多様性 / 共生 の構築

多様性が大切という文脈においては、佐々木俊尚さんが言ってるこの話が主流の考え方だろう。


「多様性とは、自分にとっては不快で嫌いなものであっても許容すること。」


だけど僕はこの考え方は間違っていると思う。嫌いな人と一緒にいるストレスに人は耐えられないだろう。ストレスは万病の元であり、ストレスを我慢することは出来ないし、健康のためには我慢しない方が良い。せっかく我慢していても酒を飲んで台無しという話もよく聞く。そのため、ストレスを受けない方法を取らざるをえないが、佐々木さんの言う「嫌いなものを許容する」という方向では「棲み分ける(=存在は認めるけど関わらない)」しか道がなく、これははっきりと分断に繋がる。


従って、分断ではなく共生の道を取るためには、シンプルに考えて「嫌いにならない」という方向を模索するしかない。


人を嫌いになるというのがどういうことかを考える必要がある。おそらく、SNSが登場してからすごい勢いで人は人を嫌いになっていってるが、ここには人を嫌いになるメカニズムの変化があったと思う。その変化とは、他人への評価のワンイシュー化(単一事項化)である。ネトウヨ、リベラル、原発の賛否、オタク、ヤンキー。何か1つの物事への態度をもってその人の評価を決める。「ネトウヨは嫌い!」みたいなやつだ。もちろん昔からこういう傾向はあったが、SNS時代になってかなり顕著になった。
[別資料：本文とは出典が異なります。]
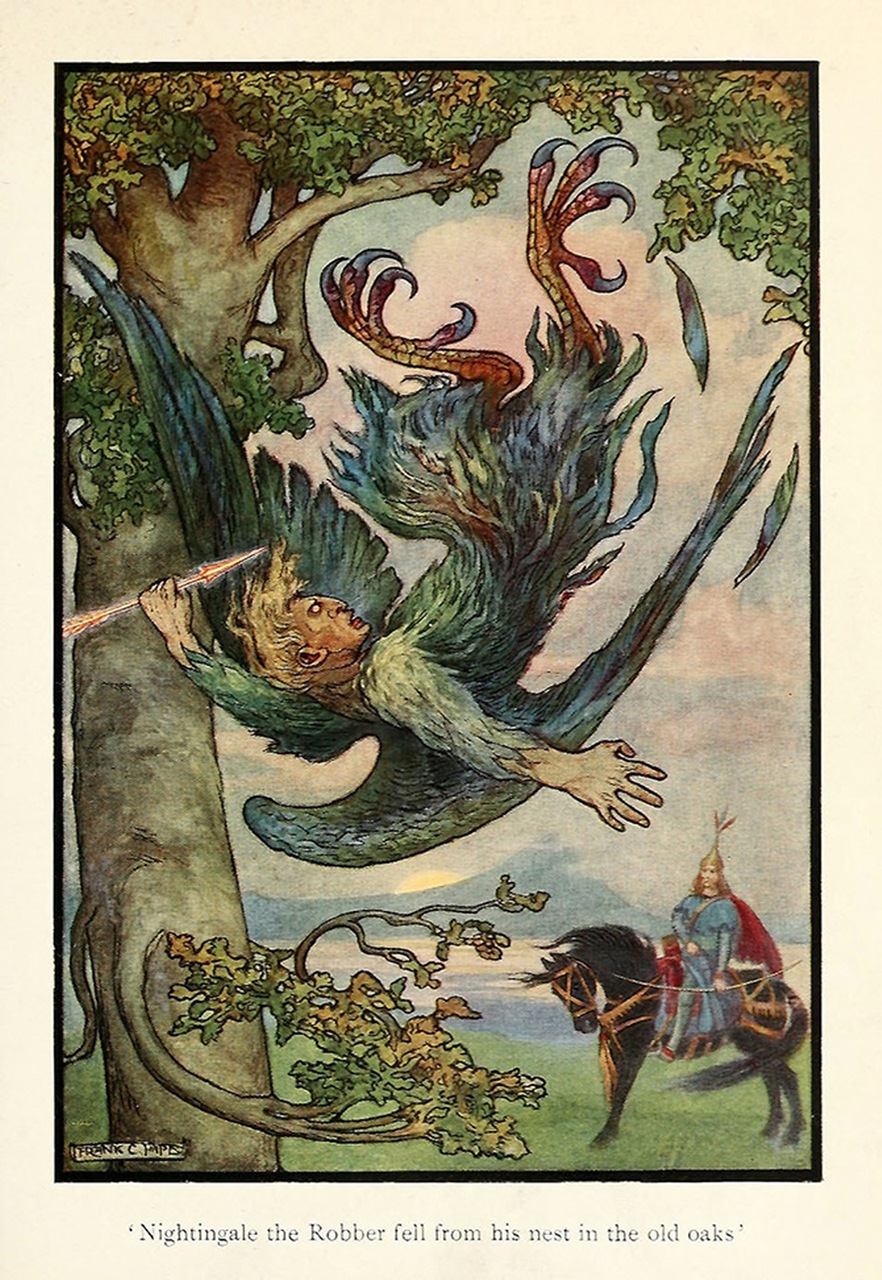 Русская книга сказок от англичанина (16 иллюстраций) Русская книга сказок от англичанина (16 иллюстраций)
この際に「ネトウヨは嫌いだが許容する」というのは人の性質としてはなかなか難しいものがり、実際出来てないし、もし出来たとしたらネトウヨが視界から消える完全な分断が達成された時だろう。許容するというのは分断の思想なのだ。


なぜこのようなワンイシュー化が起こったのかといえば、全員が共有していた大きな物語が崩壊したからだろうが、もっと根本的な原因としては物事の価値の大きさが順位付けされていることだろう。つまり、政治や経済は上等な物であり、漫画や音楽は下等なものである、というような順位付けだ。あるいは逆に、漫画が上等で政治が下等であるという人も多いだろう。いずれにせよ一人の人の考えることは多岐に及ぶが、それらの間に順位がついている状態では他人への評価はワンイシューになりがちだ。


従って、人を嫌いにならないためには物事の間に順位をつけないことが大切になってくるだろう。政治と経済と漫画と音楽とその他もろもろ、その全てに同じくらい価値がある。あいつはネトウヨだが同じ映画が好き。それならば映画について話せば友達になれるだろう。ネトウヨは嫌いだが、それと同じくらい映画の好みは重要なのだ。


これは文化の力だろう。きっと、共生を目指すためには文化についての教育が大切なのだろうと思う。受験科目が最優先、ではなく、美術や音楽や家庭科に同じくらい価値がある。そういう教育が。